I won’t say good night’s sleep, but definitely better thanks to David taking the early out puppy shift (2:00 AM). Yesterday my cumulative lack of sleep had it’s way with me.
And did I mention Finley fell off the dock into the lake (good news; she’s a great swimmer!). By the time I made it to Kaitlyn’s TKD class, I was done for. I think this picture is a good visualization of looking “done for.” 😂
I had a therapy/vent session with Danielle which helped a ton and got me through making dinner and getting into bed early at 9:00 PM with the help of my CBD/melatonin friend.
The hour before bed, I spent emailing with one of Finley’s litter mate moms and googling information to learn more about nosodes and raw diet and parvo.

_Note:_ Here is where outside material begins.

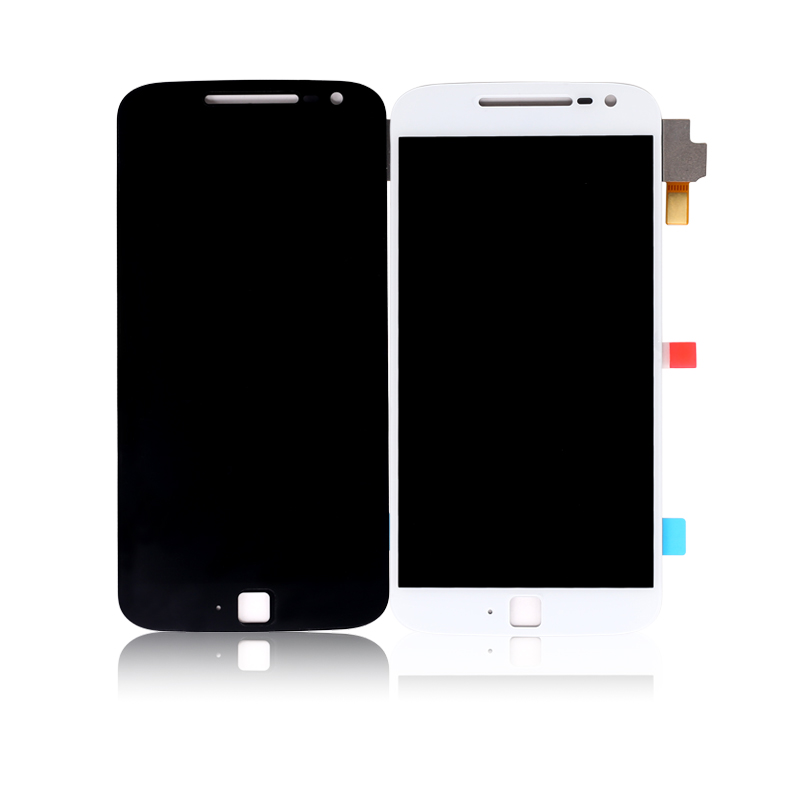 LCD Display With Touch Screen Digitizer For Motorola For Moto G4 Plus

Having a puppy in many ways feels like having a baby again and the weight of being the decision maker for her health choices feels paralyzing at times.

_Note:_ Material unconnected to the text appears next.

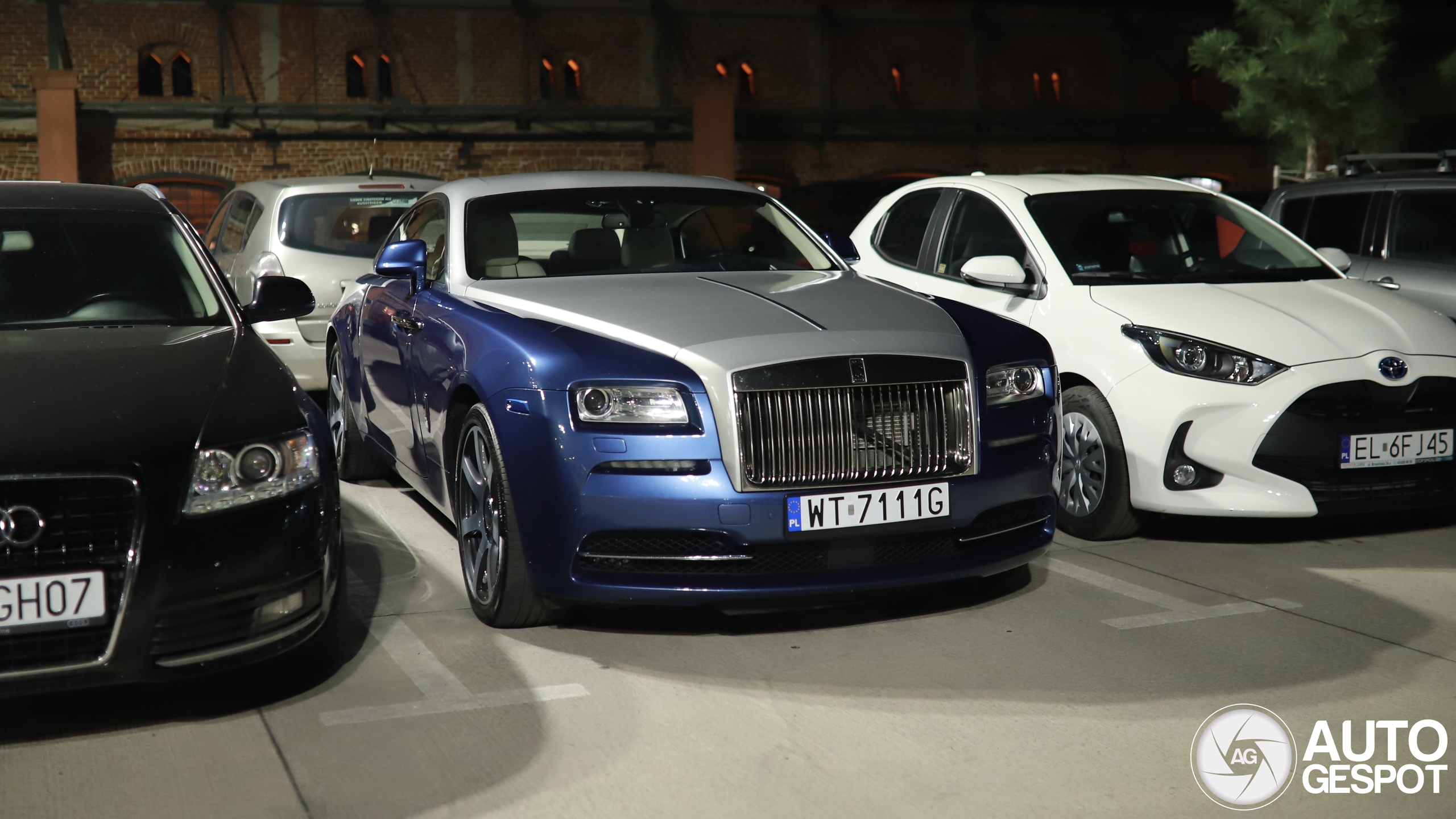 Rolls-Royce Wraith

David helps so much in these times by reminding me there is no single correct path forward. We need to do what we think is best, then move forward and stop questioning it. How can guys do this so easily?! I wish I had that gift, but I know he’s right.

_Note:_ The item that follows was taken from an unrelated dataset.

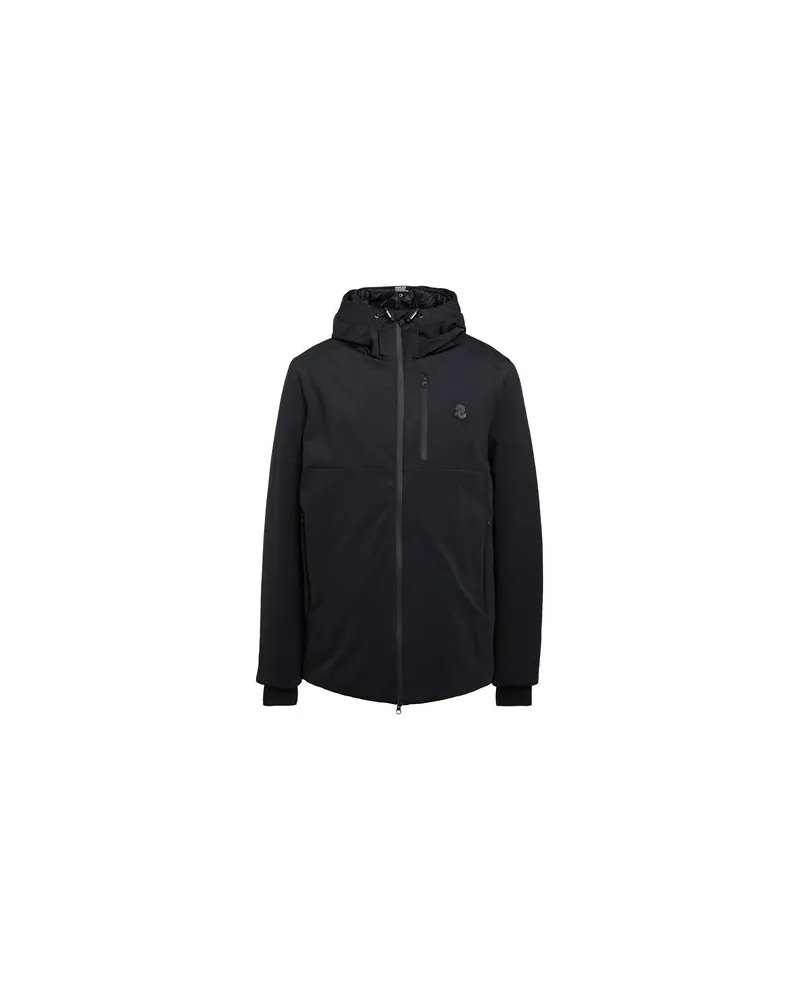 Invicta JACKEN & MÄNTEL - Pufferjacken & Daunenjackenauf YOOX.COM Schwarz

There are some (many? all?) things in life that we will never know the outcome if we had taken another path. Second guessing our decisions leads to stress and worry that doesn’t do us any good. The best we can do is educate ourselves best we can, pick a path, move forward, and believe in the best outcome.
I’m feeling better this morning. Gosh how I love mornings. I have a happy, sleeping puppy at my side. I just ordered my Christmas cards. I’m going to do the online Christmas shopping today that I keep saying I’m going to do. And we have co-op today, which is always fun!
I had the girls make their own lunches last night and wondered why I don’t do it every week? I will from now on; it was such a load of of me to have them pick and pack their lunches while I made dinner.
I am hopeful I can finish putting up the Christmas decorations that are currently strewn all over the upstairs hallway. With our new living room set up we had nowhere to put them so on a whim I ordered these two tables last week and they are supposed to arrive today. Fingers crossed that they work!
Are you currently experiencing analysis paralysis with something? How do you handle it?